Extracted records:
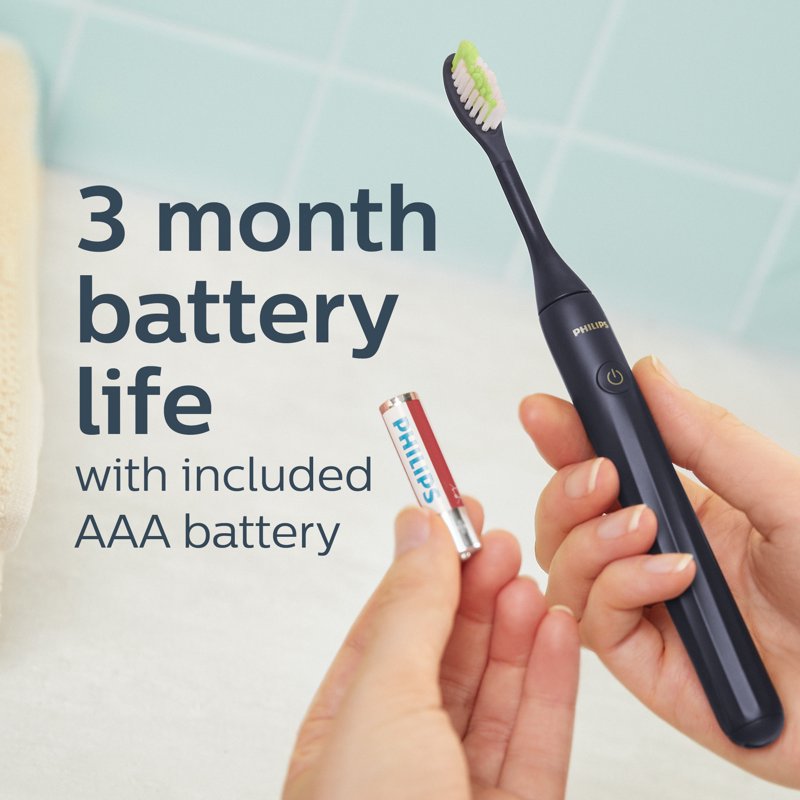 Portable Electric Toothbrush with Travel Case and Battery - Multiple Colors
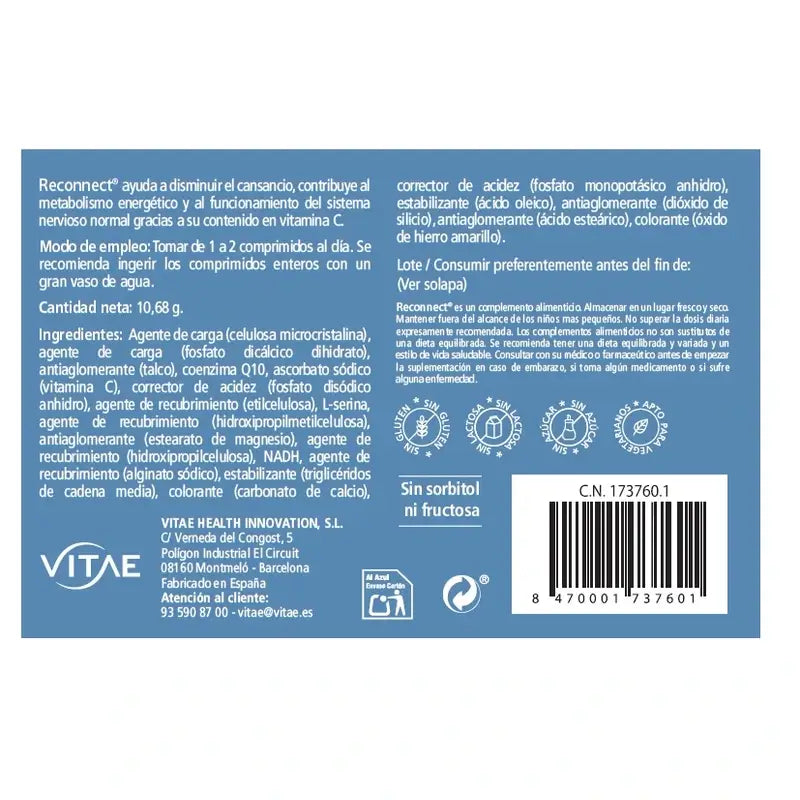 Reconnect 15 tabliet – s NADH, CoQ10, serínom a vitamínom C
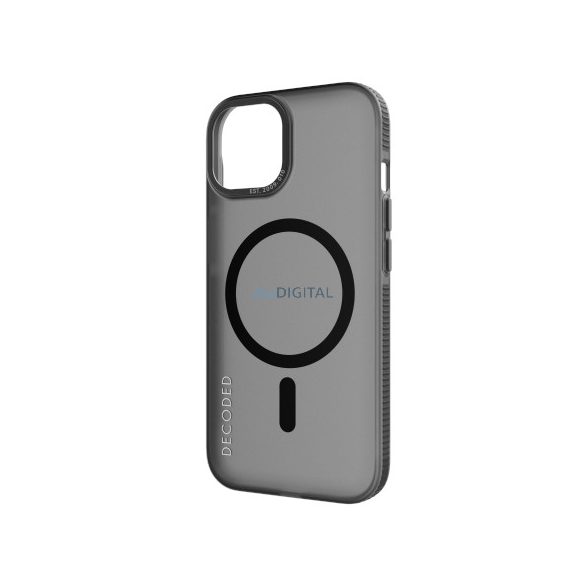 Decoded - védő tok iPhone 15 MagSafe kompatibilis (jégfekete)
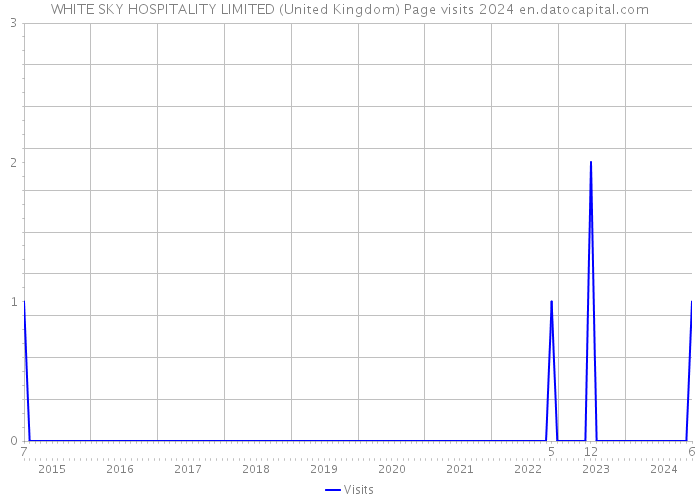 WHITE SKY HOSPITALITY LIMITED (United Kingdom) Page visits 2024 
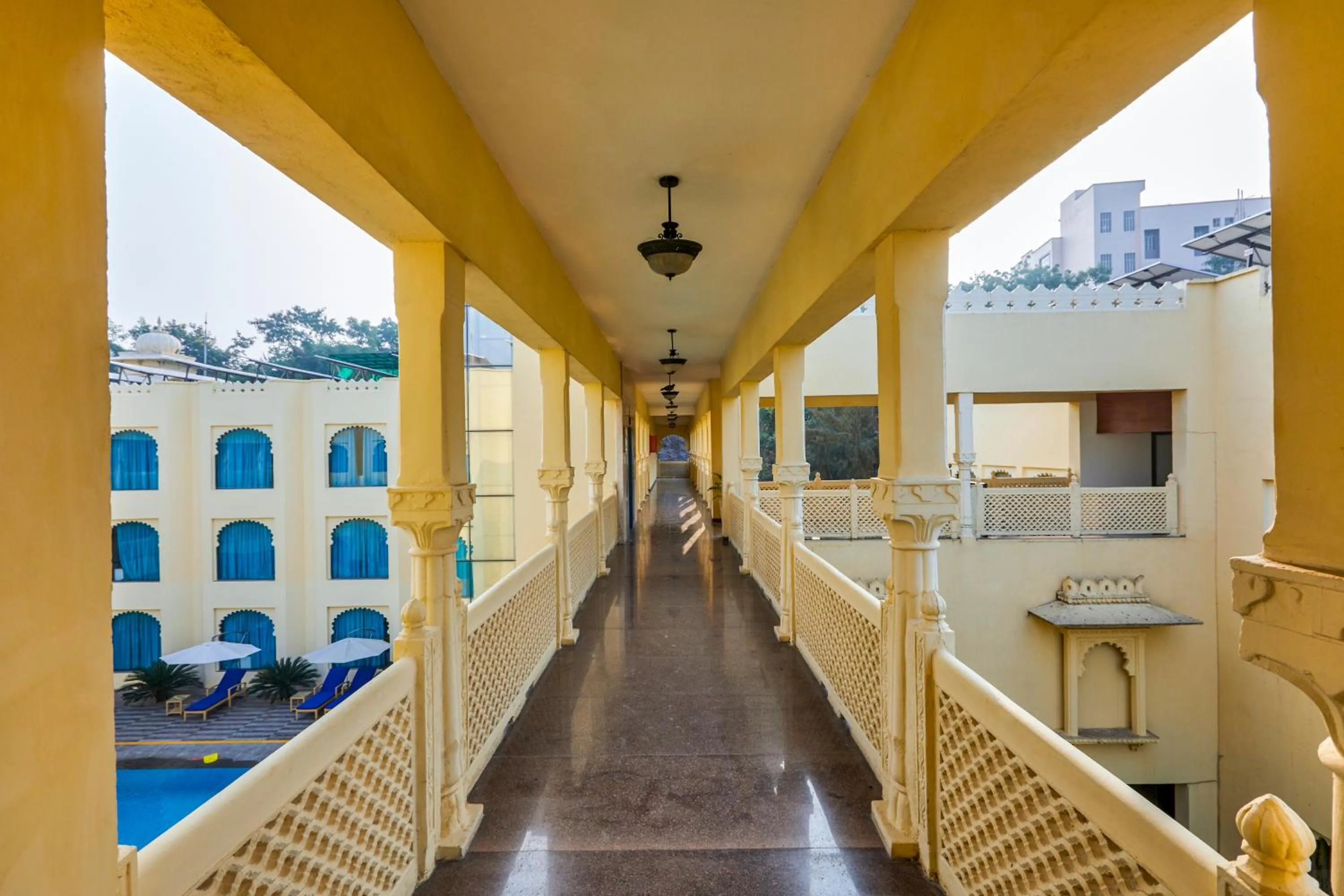 Floor plan in Club Mahindra Udaipur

:: Task requirements ::
Set down every entry exactly; omit the pictures.

:: Output of the task ::
 Portable Electric Toothbrush with Travel Case and Battery - Multiple Colors
 Reconnect 15 tabliet – s NADH, CoQ10, serínom a vitamínom C
 Decoded - védő tok iPhone 15 MagSafe kompatibilis (jégfekete)
 WHITE SKY HOSPITALITY LIMITED (United Kingdom) Page visits 2024 
 Floor plan in Club Mahindra Udaipur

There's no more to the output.